If the sum of the lengths of the diagonals of a rhombus of side 4 cm is 10 cm, what is its area ?

To find the area of a rhombus when the sum of the lengths of its diagonals is given, we can follow these steps: ### Step-by-Step Solution 1. **Understand the Problem**: We have a rhombus with each side measuring 4 cm, and the sum of the lengths of the diagonals (d1 + d2) is 10 cm. We need to find the area of the rhombus. **Hint**: Remember that the diagonals of a rhombus bisect each other at right angles. 2. **Set Up the Variables**: Let one diagonal be \( d_1 = x \) cm. Therefore, the other diagonal will be \( d_2 = 10 - x \) cm. **Hint**: The sum of the diagonals is given as 10 cm, so if one diagonal is \( x \), the other must be \( 10 - x \). 3. **Use the Properties of the Rhombus**: The diagonals bisect each other at right angles. Thus, we can form right triangles using half of each diagonal.
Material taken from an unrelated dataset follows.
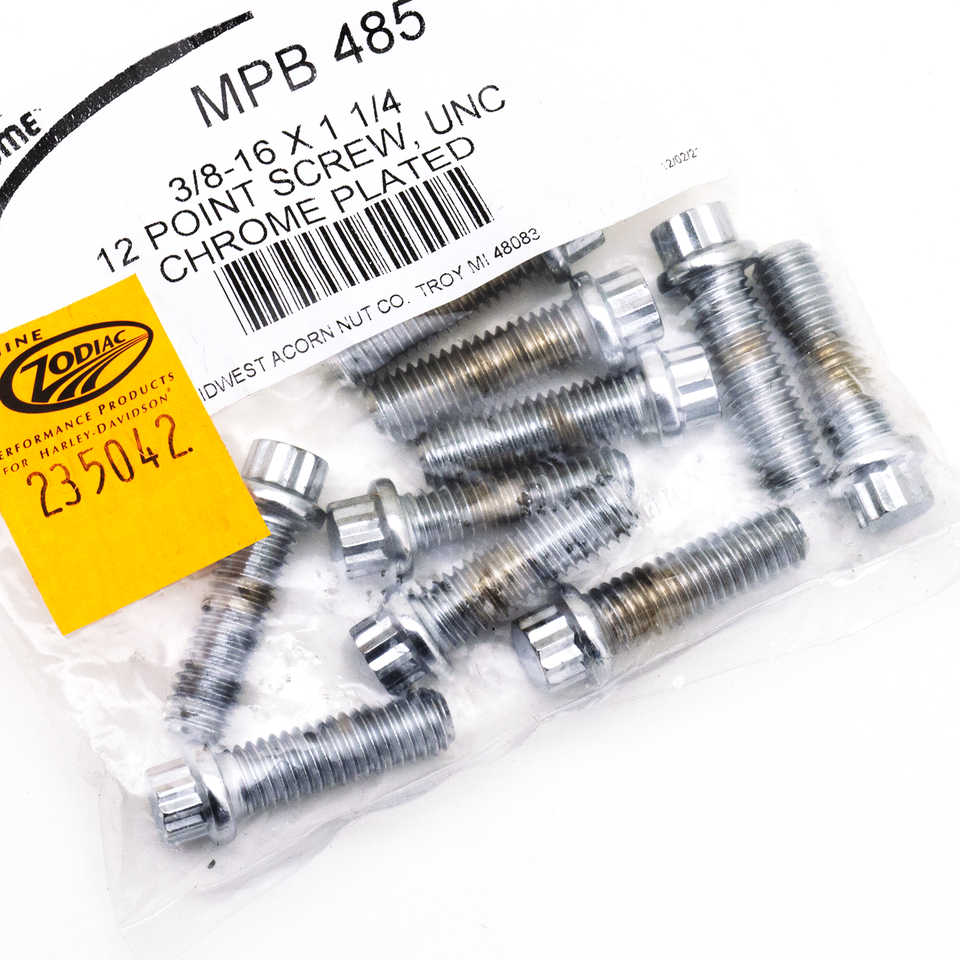 10pck 12-point bolts,3/8-16 x 1 1/4"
The lengths of the halves of the diagonals are \( \frac{x}{2} \) and \( \frac{10 - x}{2} \). **Hint**: Use the Pythagorean theorem since the diagonals intersect at right angles. 4. **Apply the Pythagorean Theorem**: In triangle formed by half diagonals and the side of the rhombus: \[ \left(\frac{x}{2}\right)^2 + \left(\frac{10 - x}{2}\right)^2 = 4^2 \] Simplifying this gives: \[ \frac{x^2}{4} + \frac{(10 - x)^2}{4} = 16 \] Multiplying through by 4 to eliminate the fraction: \[ x^2 + (10 - x)^2 = 64 \] 5. **Expand and Simplify**: Expanding \( (10 - x)^2 \): \[ x^2 + (100 - 20x + x^2) = 64 \] Combine like terms: \[ 2x^2 - 20x + 100 = 64 \] Rearranging gives: \[ 2x^2 - 20x + 36 = 0 \] Dividing the entire equation by 2: \[ x^2 - 10x + 18 = 0 \] 6. **Solve the Quadratic Equation**: Using the quadratic formula \( x = \frac{-b \pm \sqrt{b^2 - 4ac}}{2a} \): Here, \( a = 1, b = -10, c = 18 \): \[ x = \frac{10 \pm \sqrt{(-10)^2 - 4 \cdot 1 \cdot 18}}{2 \cdot 1} \] \[ x = \frac{10 \pm \sqrt{100 - 72}}{2} \] \[ x = \frac{10 \pm \sqrt{28}}{2} \] \[ x = \frac{10 \pm 2\sqrt{7}}{2} \] \[ x = 5 \pm \sqrt{7} \] 7. **Find the Lengths of the Diagonals**: If \( d_1 = 5 + \sqrt{7} \) then \( d_2 = 10 - (5 + \sqrt{7}) = 5 - \sqrt{7} \). **Hint**: Check both cases for \( d_1 \) and \( d_2 \). 8. **Calculate the Area of the Rhombus**: The area \( A \) of a rhombus is given by: \[ A = \frac{1}{2} \times d_1 \times d_2 \] Substituting the values: \[ A = \frac{1}{2} \times (5 + \sqrt{7}) \times (5 - \sqrt{7}) \] Using the difference of squares: \[ A = \frac{1}{2} \times (25 - 7) = \frac{1}{2} \times 18 = 9 \text{ cm}^2 \] ### Final Answer: The area of the rhombus is **9 cm²**.